Data to process:
==================================================

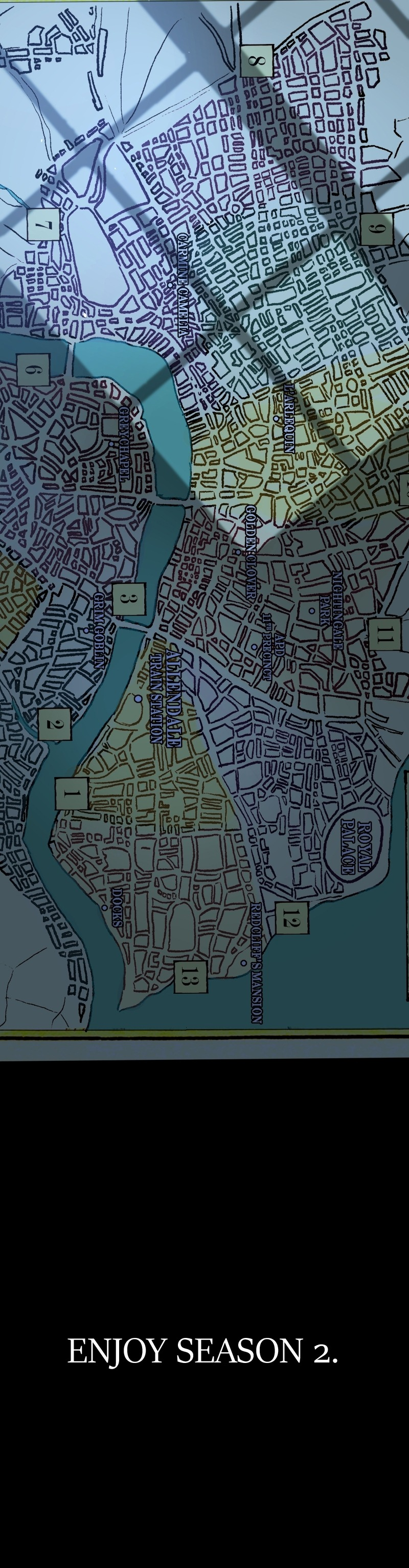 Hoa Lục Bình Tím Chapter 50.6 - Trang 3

==================================================

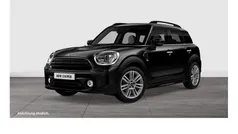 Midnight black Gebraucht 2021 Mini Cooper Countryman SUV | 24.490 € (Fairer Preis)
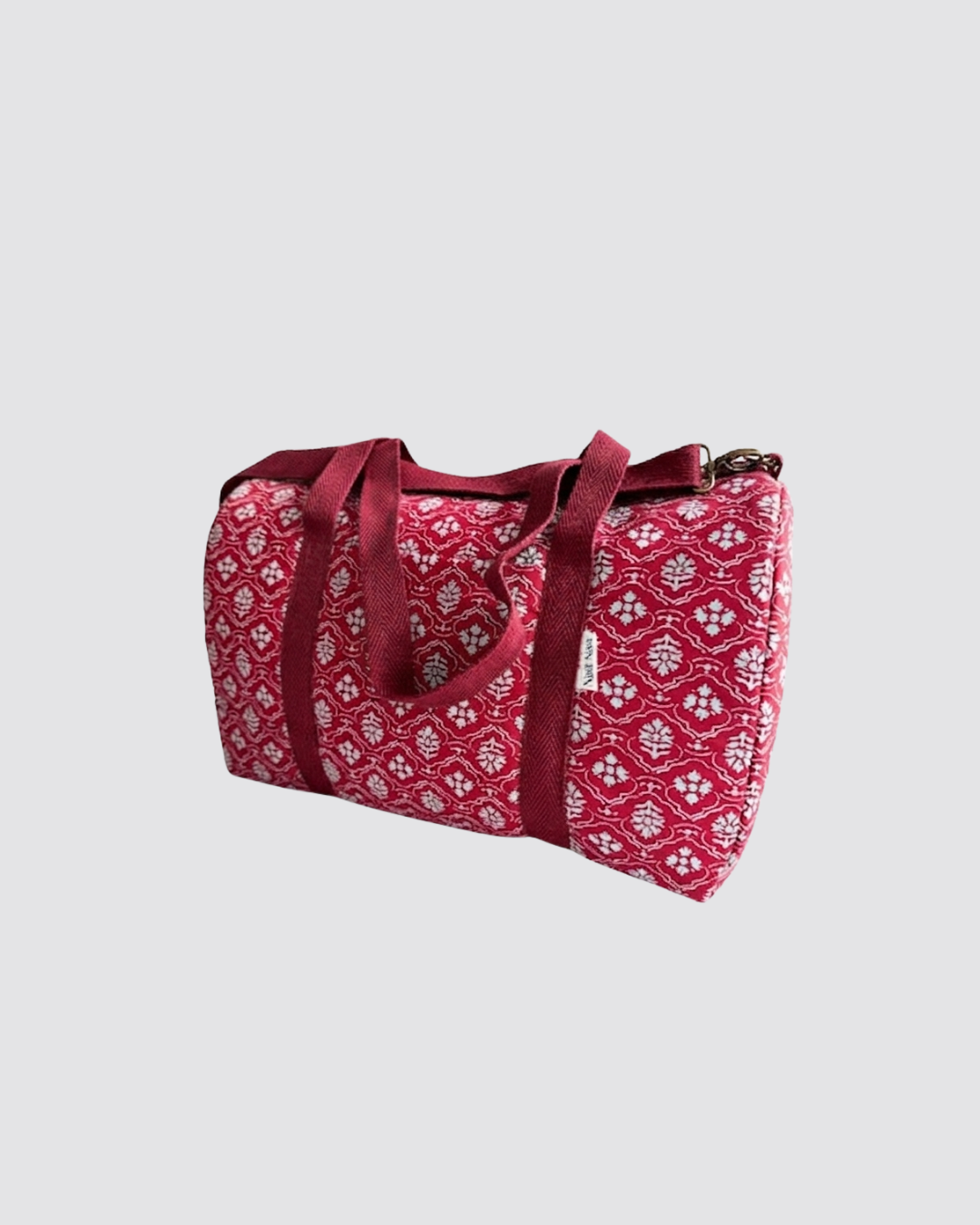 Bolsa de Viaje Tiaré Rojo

==================================================

Task statement: When you reach the line that has "Midnight black Gebraucht" in the data above, start repeating lines exactly, and stop after the line that has "Bolsa de Viaje Tiaré Rojo"; pictures stay out.

Response for this exercise:
 Midnight black Gebraucht 2021 Mini Cooper Countryman SUV | 24.490 € (Fairer Preis)
 Bolsa de Viaje Tiaré Rojo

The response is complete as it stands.